Choć dzieci wyjeżdżające na letnie obozy czy wycieczki mają zapewnioną opiekę, wyżywienie i ubezpieczenie, to rodzicie zazwyczaj i tak obawiają się nieprzewidzianych problemów. Dlatego często zastanawiają się czy dać dziecku dodatkowe pieniądze, tak na wszelki wypadek. Jednocześnie zdają sobie sprawę z tego, że dawanie dziecku dużej kwoty nie jest zbyt rozsądne.
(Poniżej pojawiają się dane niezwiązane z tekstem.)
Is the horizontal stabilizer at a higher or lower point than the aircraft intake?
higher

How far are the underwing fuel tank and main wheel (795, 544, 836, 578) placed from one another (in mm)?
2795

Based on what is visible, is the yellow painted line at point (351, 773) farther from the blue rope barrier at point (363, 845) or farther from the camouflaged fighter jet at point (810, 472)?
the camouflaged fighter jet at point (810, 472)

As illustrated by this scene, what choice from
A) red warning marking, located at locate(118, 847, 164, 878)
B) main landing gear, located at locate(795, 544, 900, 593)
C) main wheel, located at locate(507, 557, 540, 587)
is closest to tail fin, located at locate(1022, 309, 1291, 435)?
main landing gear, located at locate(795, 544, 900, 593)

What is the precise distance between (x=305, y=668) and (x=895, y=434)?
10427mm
Analitycy Expandera radzą, by w takim przypadku skorzystać z karty przedpłaconej. Działa ona na podobnej zasadzie jak telefony komórkowe bez abonamentu (pre-paid). Z takiej karty można korzystać tylko wtedy, gdy zostaną na nią wpłacone jakieś pieniądze. Za jej pomocą można wypłacać gotówkę z bankomatu oraz płacić w sklepach. Trzeba jednak pamiętać, że aby dokonywać płatności, dziecko musi mieć ukończone 13 lat.
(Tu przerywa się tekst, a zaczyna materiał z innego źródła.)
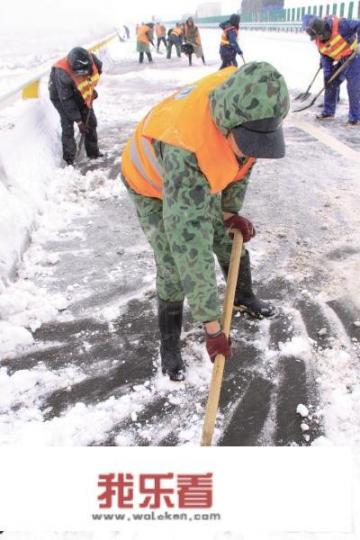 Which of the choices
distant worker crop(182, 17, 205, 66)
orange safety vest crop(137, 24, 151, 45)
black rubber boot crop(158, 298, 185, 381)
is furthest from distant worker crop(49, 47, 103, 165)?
orange safety vest crop(137, 24, 151, 45)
W momencie wyjazdu karta może nie zawierać żadnych pieniędzy lub jedynie niewielką kwotę. Jeśli natomiast zdarzy się jakaś sytuacja, w której dziecko będzie potrzebowało dodatkowych pieniędzy, to wystarczy kartę doładować. Można to zrobić wysyłając przelew lub udając się do oddziału banku, który kartę wydał. Ten drugi sposób powoduje, że pieniądze mogą znaleźć się na karcie w ciągu kilku chwil po dokonaniu wpłaty.
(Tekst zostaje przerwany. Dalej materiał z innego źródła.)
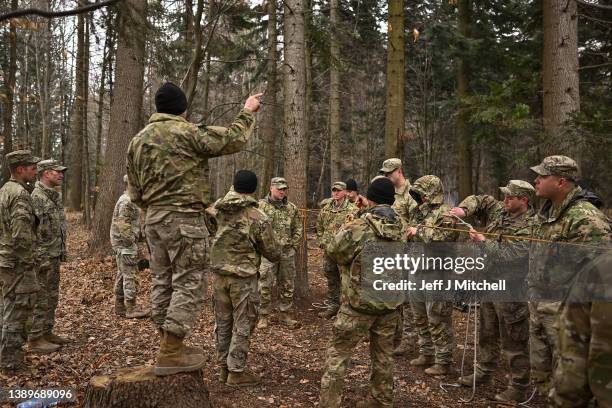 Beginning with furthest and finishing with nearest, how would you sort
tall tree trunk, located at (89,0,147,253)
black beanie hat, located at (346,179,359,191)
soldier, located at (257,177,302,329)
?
1. tall tree trunk, located at (89,0,147,253)
2. black beanie hat, located at (346,179,359,191)
3. soldier, located at (257,177,302,329)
Karty przedpłacone można otrzymać w kilku bankach – BZ WBK, BNP Paribas, ING Banku Śląskim i Banku Pekao. Za wydanie karty trzeba zapłacić od 15 zł do 25 zł. Korzystanie z niej jest zwykle bezpłatne. Wyjątkiem jest tu Bank Pekao, który nalicza prowizję wynoszącą 1 zł miesięcznie, gdy nie będziemy korzystać z karty przez 6 miesięcy.